**Study material:**
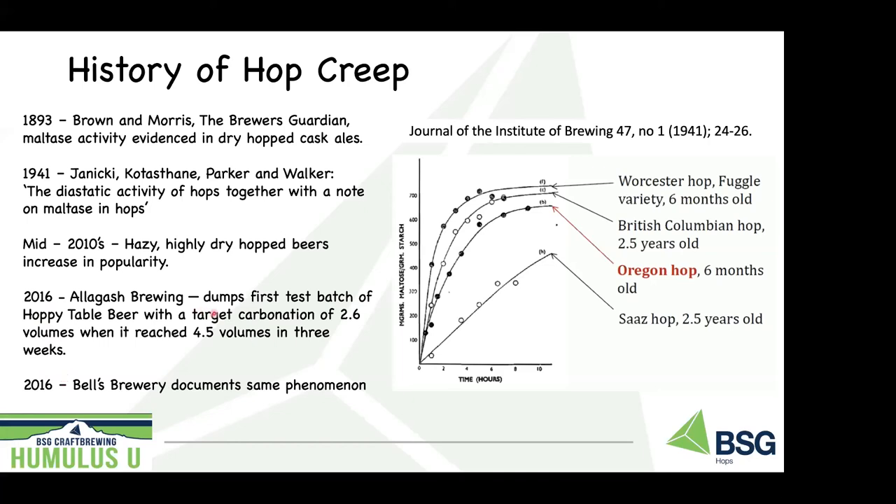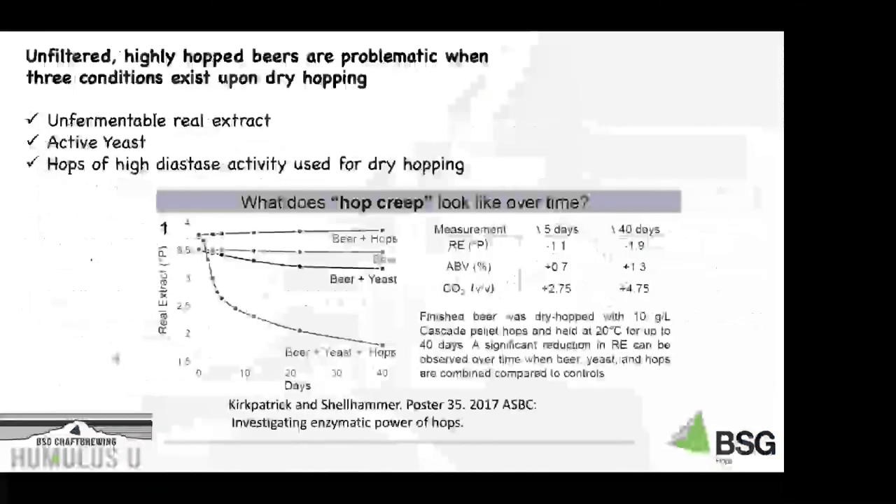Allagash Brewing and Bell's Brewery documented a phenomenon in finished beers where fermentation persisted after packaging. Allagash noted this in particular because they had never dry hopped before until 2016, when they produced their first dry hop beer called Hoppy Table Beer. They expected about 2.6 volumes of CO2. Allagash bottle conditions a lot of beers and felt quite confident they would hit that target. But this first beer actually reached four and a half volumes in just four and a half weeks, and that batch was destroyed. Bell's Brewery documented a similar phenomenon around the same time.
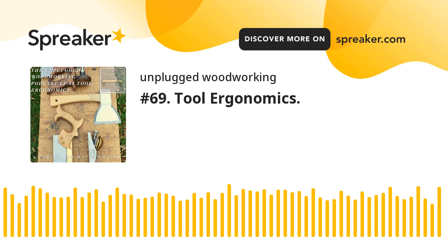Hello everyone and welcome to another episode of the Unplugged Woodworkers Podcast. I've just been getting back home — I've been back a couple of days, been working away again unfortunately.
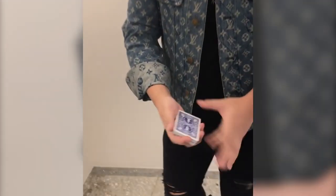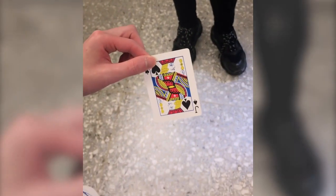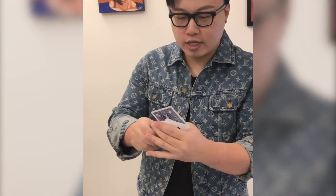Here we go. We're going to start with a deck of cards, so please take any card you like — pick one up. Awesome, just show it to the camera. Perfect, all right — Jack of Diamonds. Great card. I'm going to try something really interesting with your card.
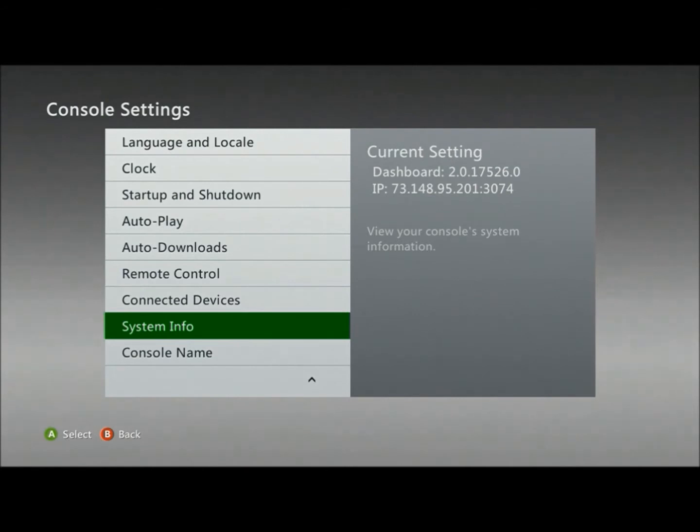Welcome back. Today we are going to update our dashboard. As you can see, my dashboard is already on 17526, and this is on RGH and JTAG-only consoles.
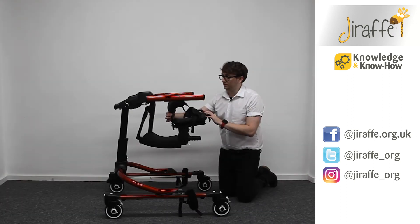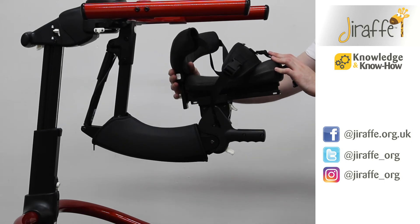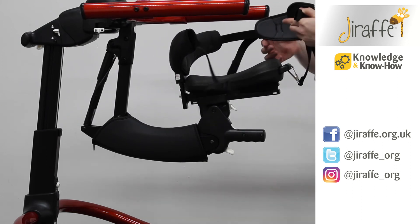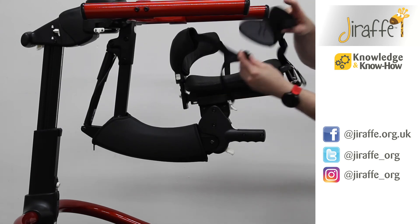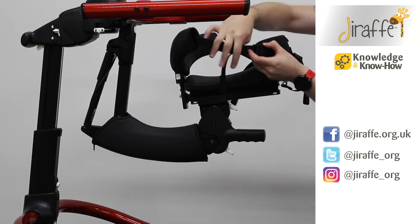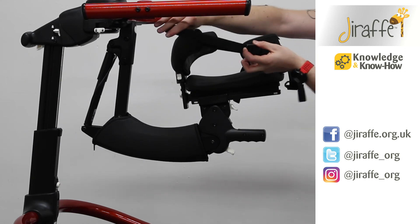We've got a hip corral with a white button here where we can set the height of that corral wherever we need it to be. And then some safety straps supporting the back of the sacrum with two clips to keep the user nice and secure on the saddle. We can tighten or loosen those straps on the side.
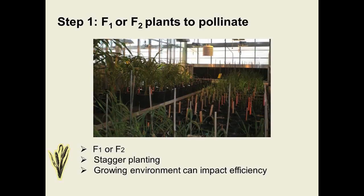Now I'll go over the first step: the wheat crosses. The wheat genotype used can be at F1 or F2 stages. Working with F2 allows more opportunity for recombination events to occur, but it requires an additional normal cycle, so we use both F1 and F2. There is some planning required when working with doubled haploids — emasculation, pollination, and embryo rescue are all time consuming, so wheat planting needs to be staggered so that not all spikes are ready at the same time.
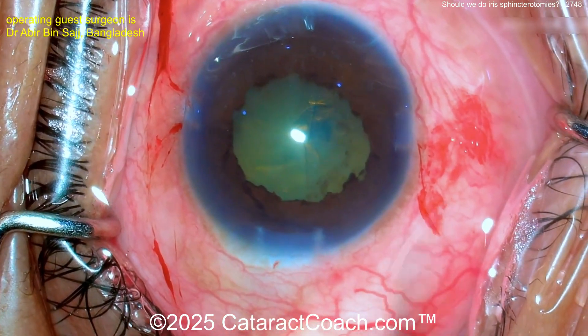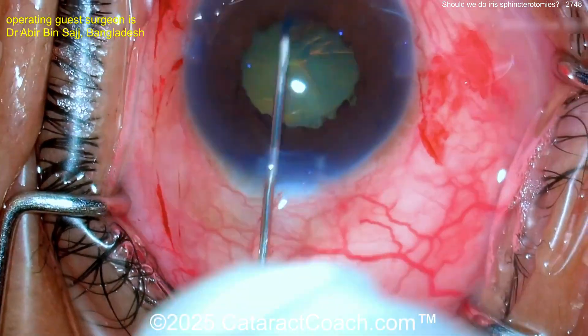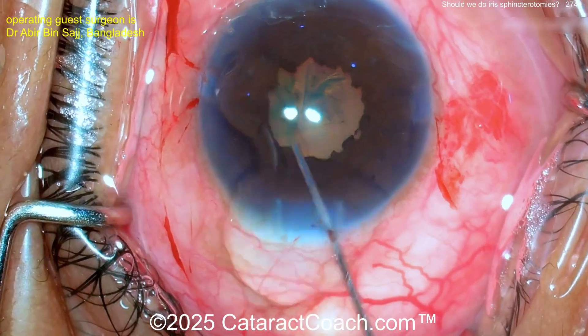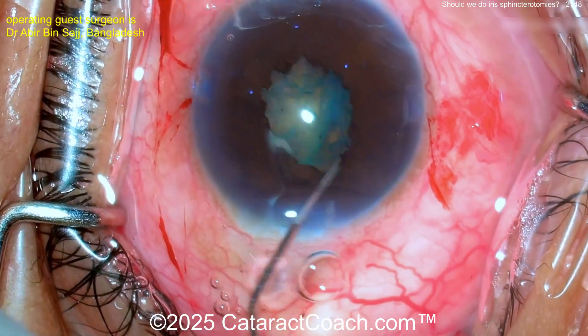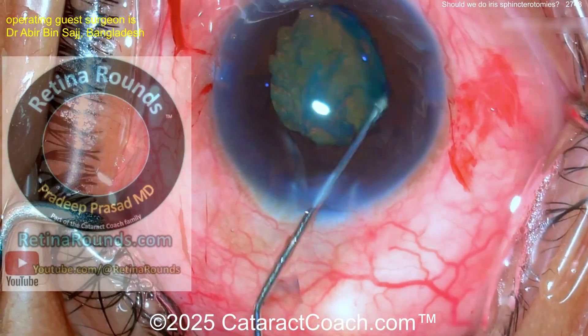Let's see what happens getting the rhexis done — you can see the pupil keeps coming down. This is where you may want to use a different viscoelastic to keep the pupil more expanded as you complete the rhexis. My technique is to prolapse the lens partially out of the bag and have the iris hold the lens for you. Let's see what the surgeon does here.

---

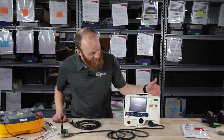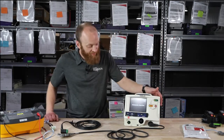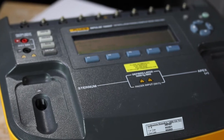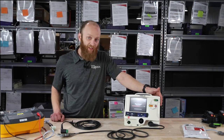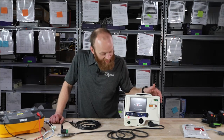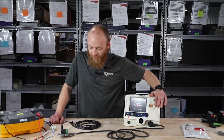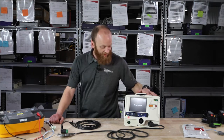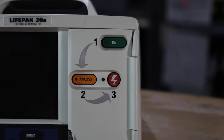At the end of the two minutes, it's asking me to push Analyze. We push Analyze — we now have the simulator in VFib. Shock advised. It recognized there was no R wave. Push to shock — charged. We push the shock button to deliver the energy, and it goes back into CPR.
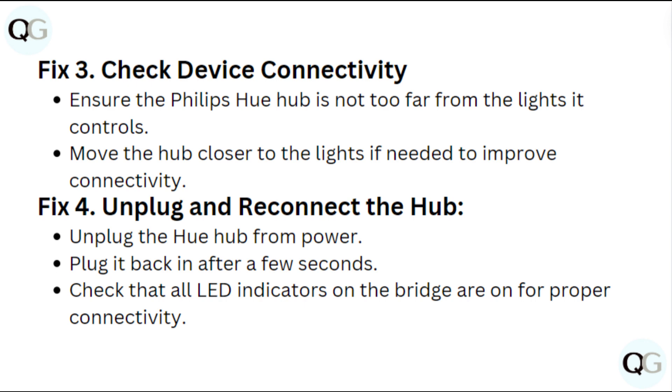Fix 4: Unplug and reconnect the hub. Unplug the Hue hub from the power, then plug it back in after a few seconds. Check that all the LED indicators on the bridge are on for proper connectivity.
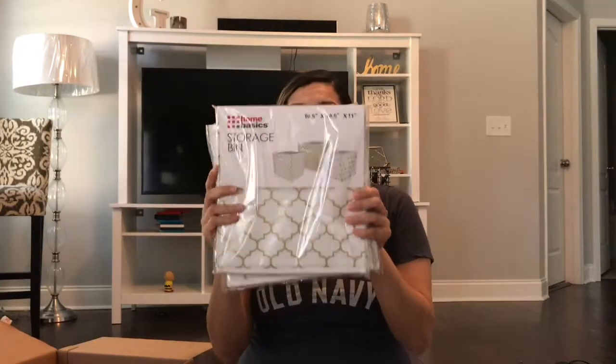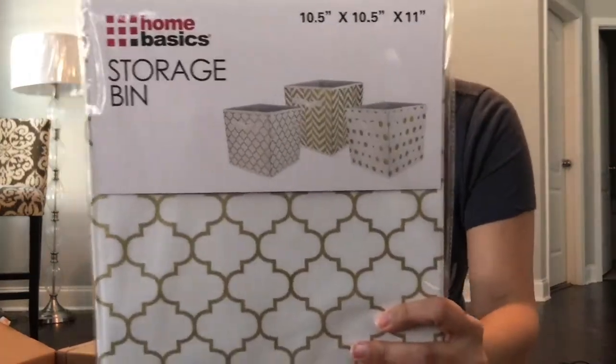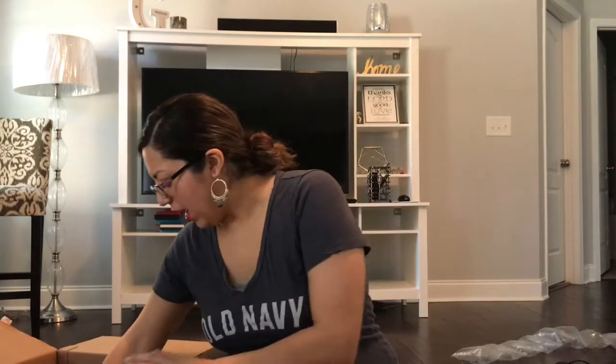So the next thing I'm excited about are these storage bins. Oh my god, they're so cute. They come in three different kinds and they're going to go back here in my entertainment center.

**Assigned task:** When copying from the data above, print only the lines from the line containing "Welcome back. Today" to the line containing "We've got a", exactly, and leave the pictures out.

**Task solution:**
Welcome back. Today we are going to update our dashboard. As you can see, my dashboard is already on 17526, and this is on RGH and JTAG-only consoles.
We've got a hip corral with a white button here where we can set the height of that corral wherever we need it to be. And then some safety straps supporting the back of the sacrum with two clips to keep the user nice and secure on the saddle. We can tighten or loosen those straps on the side.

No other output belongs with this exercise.